Appendix 1—figure 6.. Relative influence of glycans on HR2 and HG.

(A) Structural model with only glycans shown on HG. (B) Structural model with only HR2 glycans present. (C) Distribution of timescales with only HG glycans present. (D) Distribution with only HR2 glycans present. (E) Probability that $d_{\mathrm{FP}}>d_{\mathrm{host}}$ for at least one FP. There is a higher probability of extending to d_host when only HG glycans are present than when only HR2 glycans are present (black vs. red curves).

Appendix 1—figure 7.. Glycans promote host capture with dissociated TM region.

(A-D) Even in the case where the TM strands are able to dissociate, the presence of the glycans increases the probability that the FPs will capture the host membrane. 1000 transitions were simulated for each system. (E–F) Snapshots of glycosylated Spike protein where the TM strands dissociate from one another (glycans are not shown).

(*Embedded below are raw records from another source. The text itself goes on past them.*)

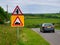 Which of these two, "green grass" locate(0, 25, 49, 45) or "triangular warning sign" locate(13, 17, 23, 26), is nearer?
"triangular warning sign" locate(13, 17, 23, 26)

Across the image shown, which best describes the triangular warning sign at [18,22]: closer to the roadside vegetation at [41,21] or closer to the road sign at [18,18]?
the road sign at [18,18]

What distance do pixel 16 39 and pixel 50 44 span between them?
143 inches

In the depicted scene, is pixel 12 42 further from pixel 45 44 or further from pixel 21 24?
pixel 45 44

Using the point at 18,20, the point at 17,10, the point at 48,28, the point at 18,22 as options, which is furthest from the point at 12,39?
the point at 48,28

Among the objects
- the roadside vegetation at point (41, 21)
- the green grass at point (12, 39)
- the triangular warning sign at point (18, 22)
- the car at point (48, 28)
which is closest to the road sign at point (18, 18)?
the triangular warning sign at point (18, 22)

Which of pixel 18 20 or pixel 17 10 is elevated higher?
pixel 17 10

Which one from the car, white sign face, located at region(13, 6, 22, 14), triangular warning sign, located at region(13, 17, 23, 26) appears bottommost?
the car

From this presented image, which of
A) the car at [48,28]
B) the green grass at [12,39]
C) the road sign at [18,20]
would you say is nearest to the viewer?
the road sign at [18,20]

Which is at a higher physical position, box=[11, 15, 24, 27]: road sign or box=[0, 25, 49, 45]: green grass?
box=[11, 15, 24, 27]: road sign

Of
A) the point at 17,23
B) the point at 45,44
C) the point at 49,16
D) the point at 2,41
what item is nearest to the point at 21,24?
the point at 17,23

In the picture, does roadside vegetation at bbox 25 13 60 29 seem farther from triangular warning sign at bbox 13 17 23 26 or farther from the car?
triangular warning sign at bbox 13 17 23 26

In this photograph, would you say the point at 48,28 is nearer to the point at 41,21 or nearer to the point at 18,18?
the point at 18,18

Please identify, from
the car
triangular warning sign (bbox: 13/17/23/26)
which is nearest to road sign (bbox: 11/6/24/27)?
triangular warning sign (bbox: 13/17/23/26)

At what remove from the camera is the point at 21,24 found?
16312 millimetres
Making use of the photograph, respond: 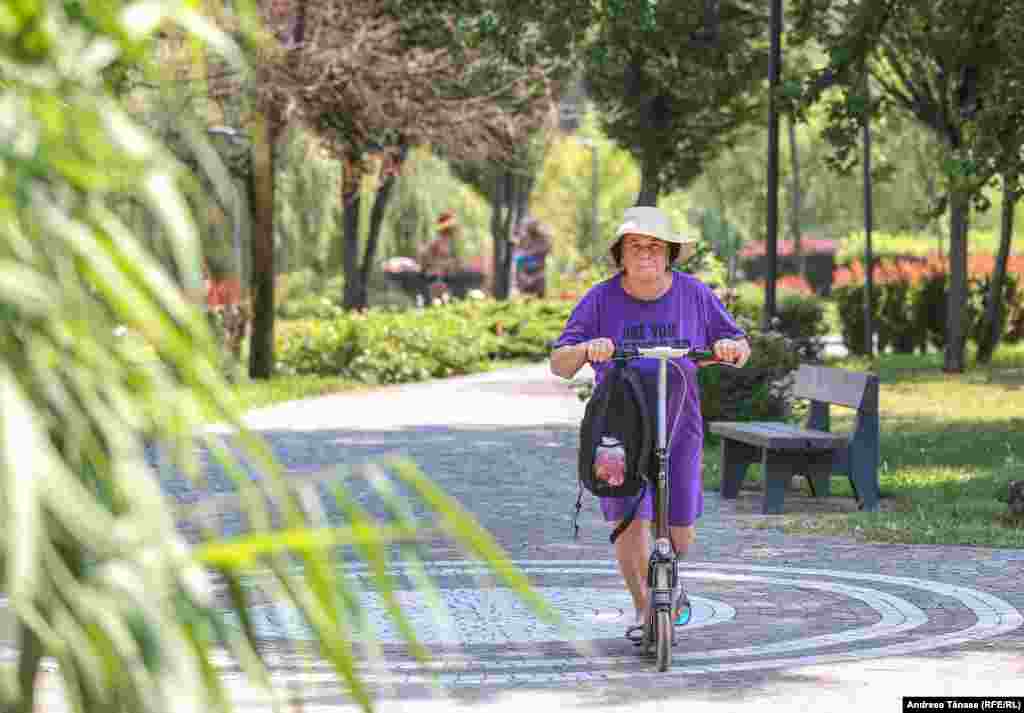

Appendix 1—figure 8.. Comparison of probability of FP capture with, and without, a host membrane potential.

Probability of capture, calculated from 1000 simulated transitions. (A) Model with no host membrane, using $d_{host}=27$ to define capture. (B) Model with host membrane potential as defined in Equation S1, which traps (i.e. potential begins to decrease) FPs at ∼27 nm from the virtual viral membrane. Both (A) and (B) show approximately the same probability of 0 FPs being captured, while (B) shows a drastic increase on the probability that capture will involve all three FPs.

Appendix 1—figure 9.. Effective potential for TM confinement in a virtual viral membrane.

The flat-bottom region represents the virtual membrane of width ${\displaystyle w_m=5}$ nm, this region allows the TM motif to move freely between the planes $z=\frac{w_m}{2}$ and $z=\frac{-w_m}{2}$, beyond the flat region an energetic penalty is included to restrain the TM to escape the virtual membrane. Energy is measured in reduced energy units.